Das Gericht schließt sich der Ansicht der Kommission an, dass das Verhalten von Microsoft gegen Art. 82 des EG-Vertrags, insbesondere Unterziffer d), verstößt.

Art. 82 EGV besagt:

Mit dem Gemeinsamen Markt unvereinbar und verboten ist die mißbräuchliche Ausnutzung einer beherrschenden Stellung auf dem Gemeinsamen Markt oder auf einem wesentlichen Teil desselben durch ein oder mehrere Unternehmen, soweit dies dazu führen kann, den Handel zwischen Mitgliedstaaten zu beeinträchtigen.

Dieser Mißbrauch kann insbesondere in folgendem bestehen:
(…)
d) der an den Abschluß von Verträgen geknüpften Bedingung, daß die Vertragspartner zusätzliche Leistungen annehmen, die weder sachlich noch nach Handelsbrauch in Beziehung zum Vertragsgegenstand stehen.

Das Urteil kann als schwere Niederlage für Microsoft gelten. Trotz massiver Anstrengungen ist es dem Software-Konzern nicht gelungen, eine Änderung an der Kommissions-Entscheidung durchzusetzen.
Einzig in Bezug auf ein bestimmtes Regulierungs-Instrument widersprach das Gericht der Kommission: Diese hatte versucht, Microsoft per Verfügung dazu zu zwingen, einen „Monitoring Trustee“ zu benennen.
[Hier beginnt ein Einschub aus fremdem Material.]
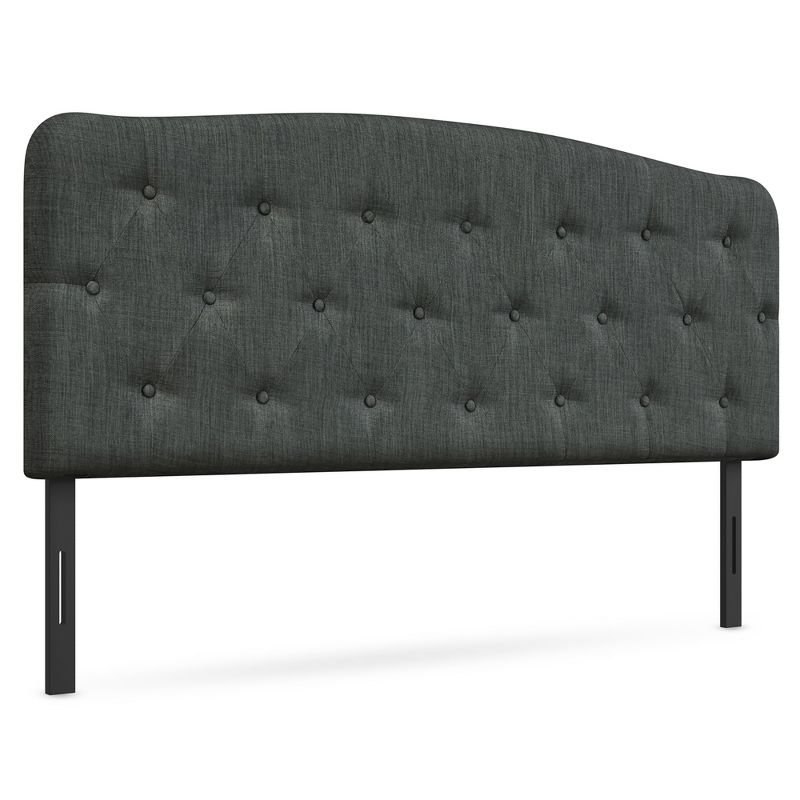 Costway Full Size Upholstered Headboard Only Adjust Button Tufted Faux Linen Light Grey\Dark Grey, 1 of 11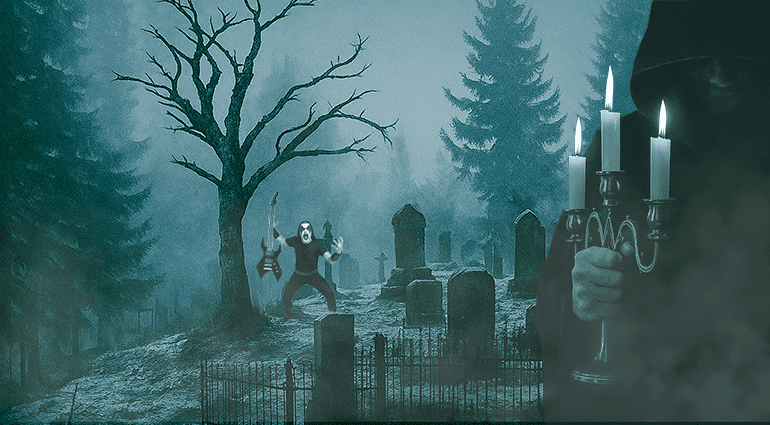 Grim cemetery with a corpse-painted guitarist and a hooded figure holding a candelabra, reflecting the dark subgenres of metal music from Doom to Black Metal.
Dieser sollte die kartellrechtliche Regulierung bei Microsoft überwachen und dazu mit hoheitlichen Befugnissen ausgestattet sein. Gleichzeitig sollte aber Microsoft den Trustee bezahlen und seine Kosten tragen. Dazu sei die Kommission jedoch nicht ermächtigt gewesen, so das Gericht.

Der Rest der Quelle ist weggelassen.